A journey can be an actual trip or it can be a pathway to spiritual or emotional growth. It can describe the change of a relationship, the sharing or ending of a marriage, the details of a career, the recognition of a calling. It can describe the faithfulness of God’s work in a life or the dark night of a soul in that same life. It can even describe our paradigm shifts, the changes in thinking and the unlearning we have to do throughout our lives.
A few weeks ago, in the process of “downsizing” (quite a journey in itself), I offered my antique desk to a friend. She agreed to the gift (as opposed to a purchase) if I promised to share with her something about the person who first used this desk, my grandmother. Here’s my perspective my grandmother’s journey.
GRANDMA WAS A LADY
My grandmother was a lady. She wore fox fur stoles (whose beady green eyes scared me to death), was impeccably dressed, and always had her hair professionally “done.” She was obsessed with genealogy and the work of the Daughters of the Revolution (DAR). She hand painted china plates, kept every post card or birthday card she ever received, and loved Disney movies. Born in 1884, she was the granddaughter of Isaac Fairbanks, an agricultural agent who welcomed the Dutch settlers of Holland, Michigan to his territory and invited their leader, Albertus Van Raalte, to stay in his cabin while Van Raalte built his own. (He also had the unenviable job of attempting to persuade Native Americans who called this territory home to farm. )

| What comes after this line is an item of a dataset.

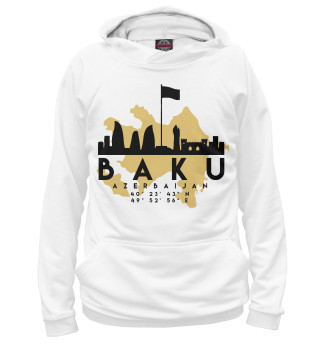 Худи для девочки Баку (Азербайджан)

At the age of 24, against the “better judgment” of her English parents, my grandmother married a Dutch boy who played semi-pro baseball on Sundays. He became a well-known entrepreneur and politician; she, whose childhood task was leading the cows home from pasture, became a society wife. Her first son died soon after birth, something I never heard her (or anyone) talk about. Her other children, a son who carried the burden of the name Bill Jr. and my mother, brought their own stress to her life. Bill, Jr. had an alcohol problem most of his life – something else we never talked about. My mother suffered through a serious case of rheumatic fever which kept her in bed for a year during elementary school and turned her into a feisty fighter who did not want to be protected by her parents.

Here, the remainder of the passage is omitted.